- Opening Delimiter -

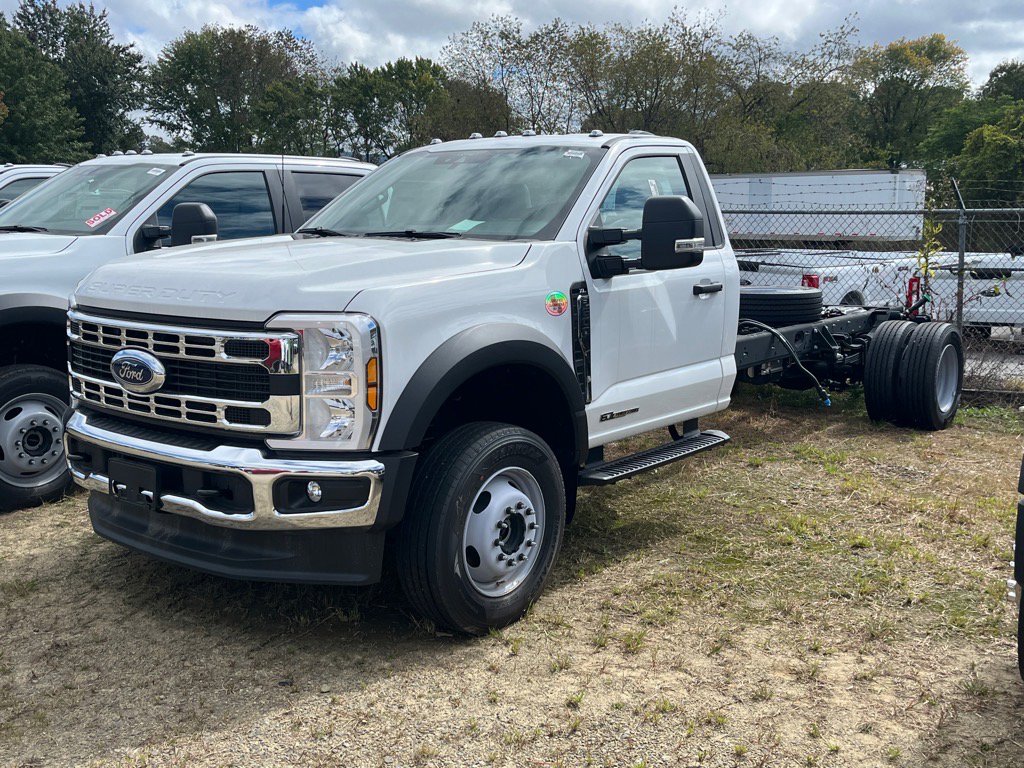 2025 Ford Super Duty F-600 DRW XL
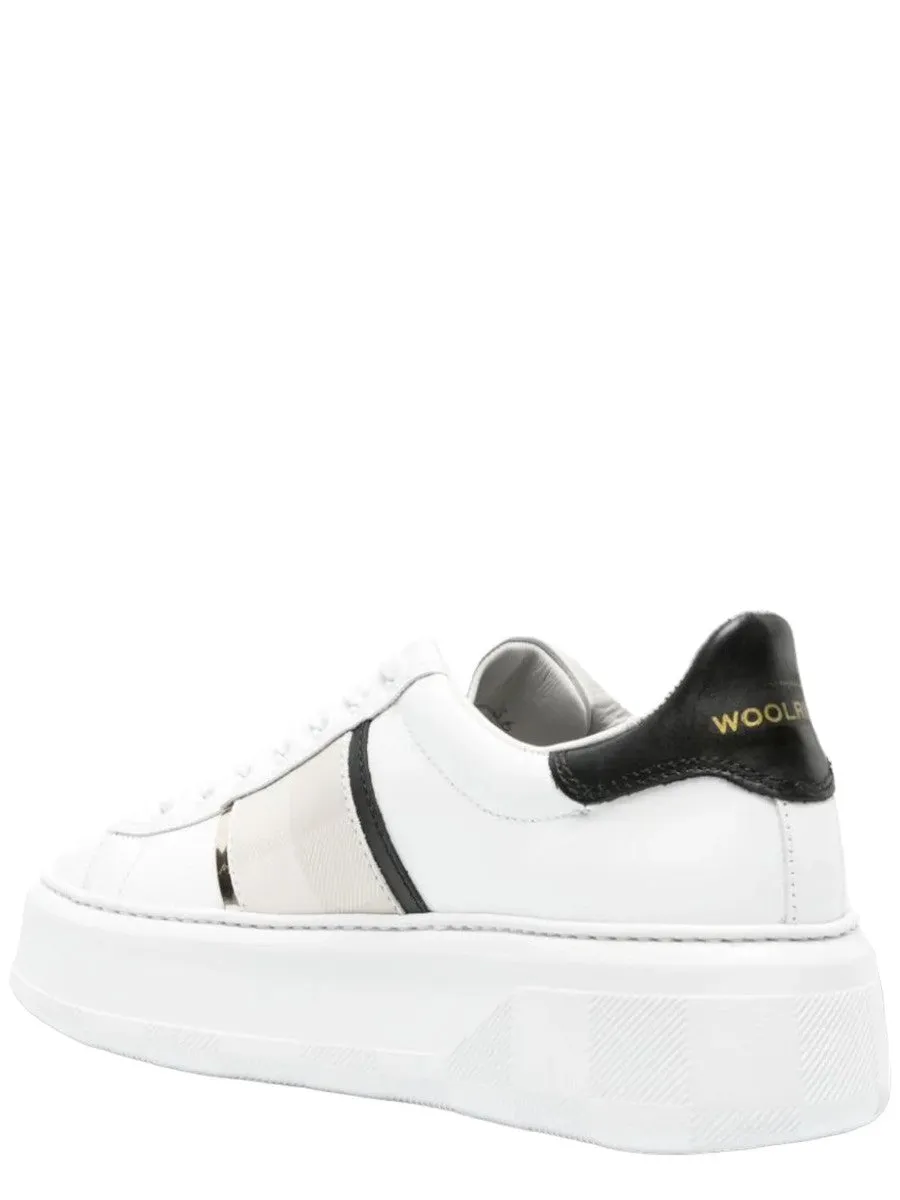 Sneakers con suola rialzata
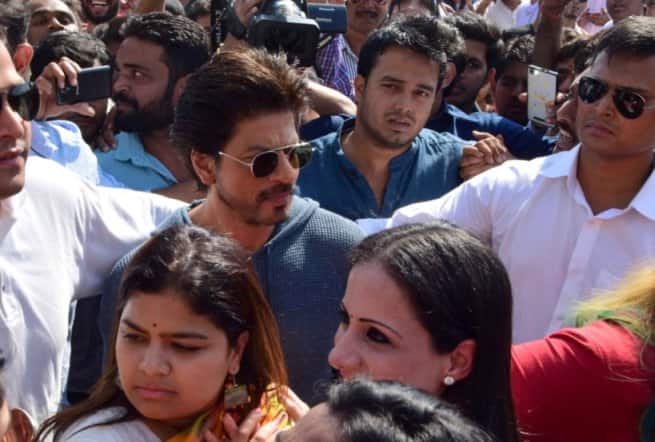 Bollywood actor Shahrukh Khan during the launch of sculpture #Bandra by artist and Muralist Rouble Nagi in Mumbai, India on January 10, 2017. #Bandra is the first ever hashtag sculpture in Maharashtra initiated by Poonam Mahajan. (Sanket Shinde/ SOLARIS IMAGES)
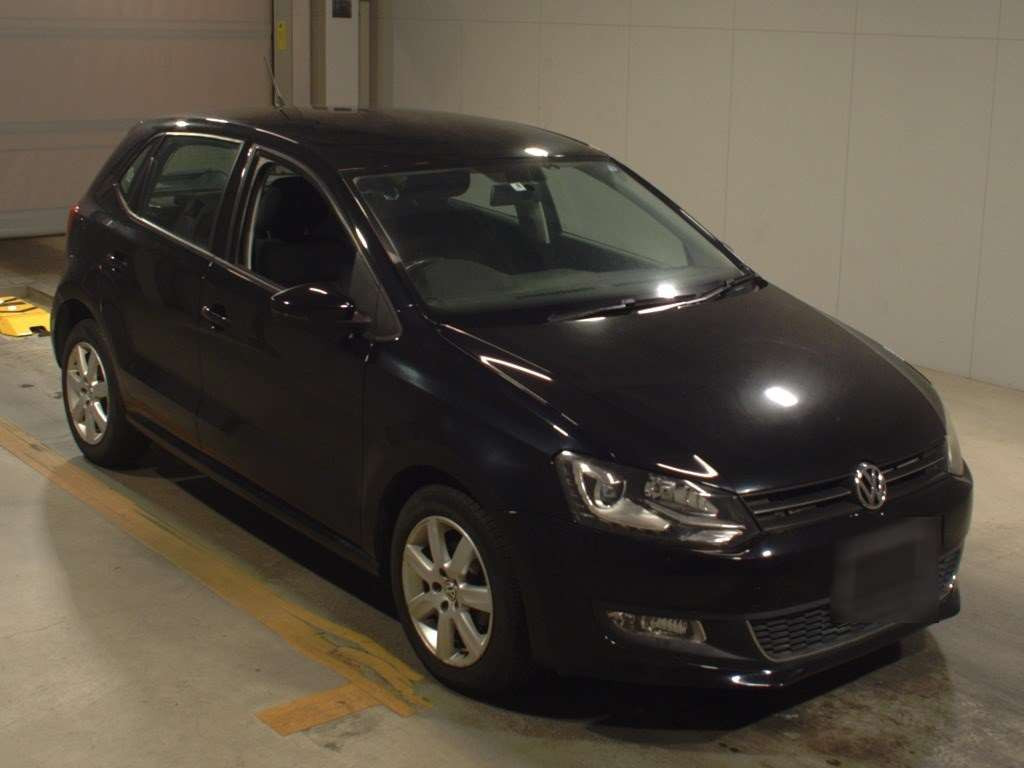 2011 Volkswagen Polo 6RCBZ[2]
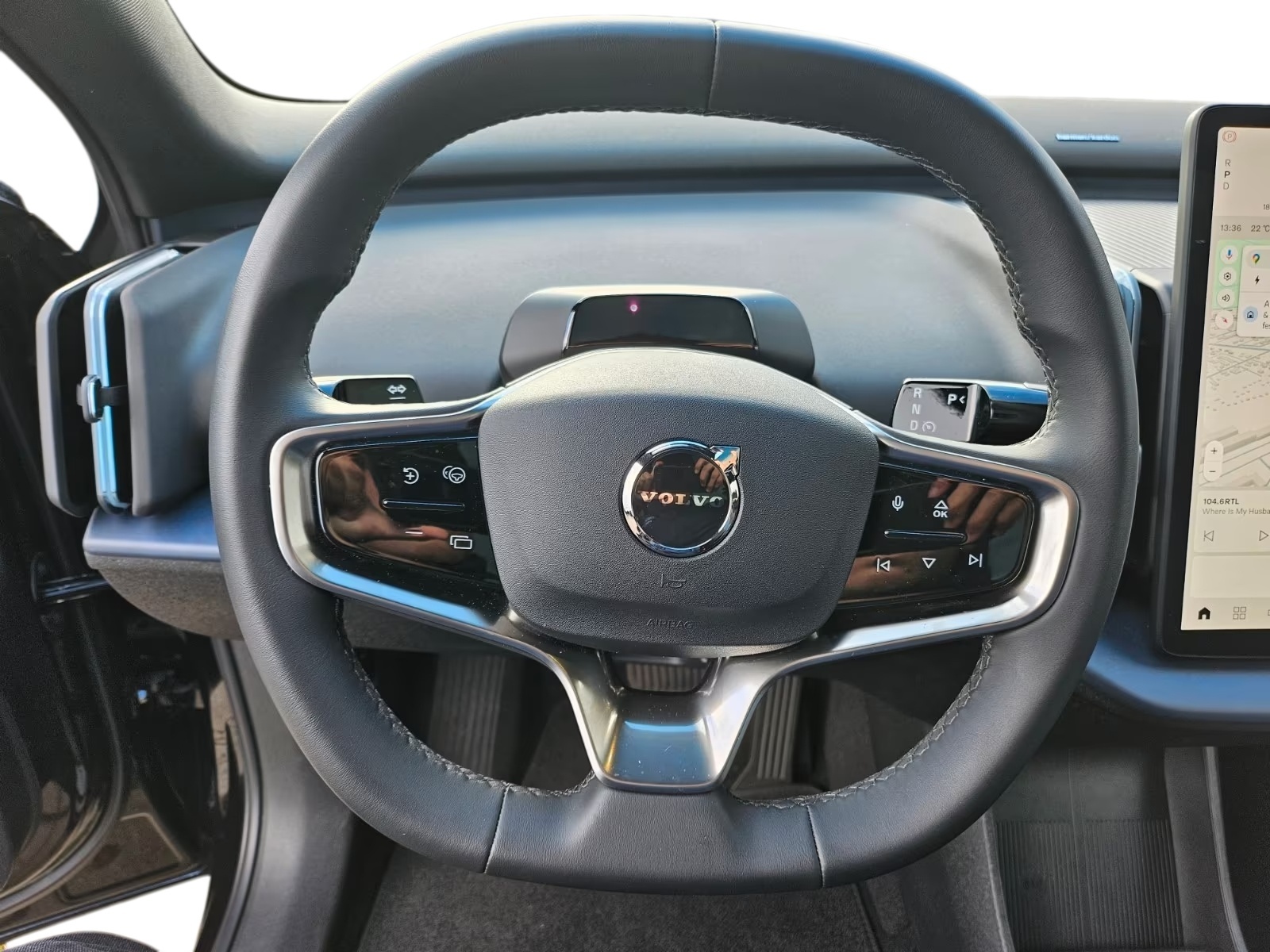 VOLVO EX30 E60 69kWh Twin Ultra-image-8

- Closing Delimiter -

Every line between the one containing "2011 Volkswagen Polo 6RCBZ[2]" and the last line of the data above, both included, should be copied exactly, but not the pictures.

### Task response
 2011 Volkswagen Polo 6RCBZ[2]
 VOLVO EX30 E60 69kWh Twin Ultra-image-8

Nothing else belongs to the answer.